Dispatchers honored during NPST Week
Published 3:00 am Friday, April 15, 2016
The City of Troy is celebrating the week of April 10-16 as National Public Safety Telecommunications Week by proclamation of Mayor Jason A. Reeves of the City of Troy.
The mayor said the proclamation is one of many around the nation that honors the thousands of men and women, who respond to emergency calls, dispatch emergency professionals and equipment and render life saving assistance.
Reeves expressed appreciation to the emergency responders who were present for the signing of the proclamation and those not present who respond with care, compassion and professionalism in emergency situations on behalf of the city.
“My dad, Grady Reeves, was the chief of police in Troy so I grew up in all this,” Reeves said. “Now, as a husband and father, I am even more knowledgeable and appreciative of what you do for all of us. Dispatchers and 911 operators don’t get good calls. I know that. The City of Troy depends on you more than you know and we appreciate you more than you know.”
National Public Safety Telecommunications Weeks honors everyone involved from the first moment a call is connected to a public safety answering point until the last line has disconnected and help has arrived.

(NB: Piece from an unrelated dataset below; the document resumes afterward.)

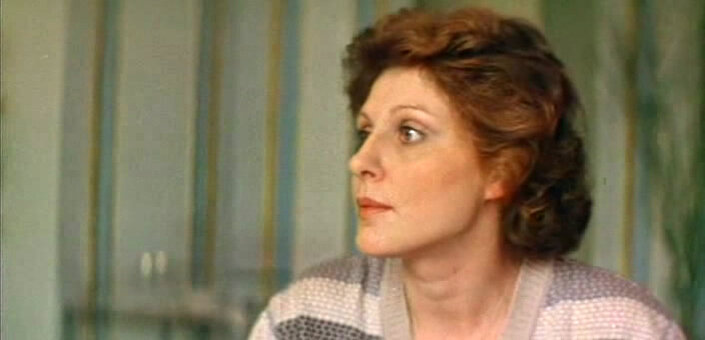 Елена Ивочкина в фильме "Тайна "Чёрных дроздов" источник: kino-teatr.ru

Troy Police Chief Randall Barr said National Public Safety Telecommunications Week is only a small token of appreciation for the important and, often critical, role that dispatchers and 911 operators play in the community.
“These people are the first contact the public has with the police whether it’s keys locked in the car or an emergency situation,” Barr said.
“When the phone rings, they never know what’s on the other end. So much depends on how the dispatchers handle the calls.”
Barr said the tone of the dispatcher’s voice can make a difference.
He said a clam, reassuring voice can have a steadying effect while a loud and anxious tone could heighten the situation.
“Depending on how it’s handled, the call can go either way,” Barr said.
Dispatchers are challenged with relaying critical information to police officers and emergency personnel.
“Dispatchers are the eyes and ears to the unknown,” Barr said.
“They don’t know exactly what the situation is when they dispatch the officers. And, the officers to be dispatched could be working at several different locations, so dispatchers have to know where the officers are at all times.
“Decisions have to be made quickly. Dispatchers have to be able to multi-task. They have a tough job and we have dispatchers on the job for us 24-7. They are strong people and they do a good job for us 24-7. I appreciate what they do. I want them to know that.”
National Public Safety Telecommunications Week is sponsored annually by the Association of Public-Safety Communication Officials International.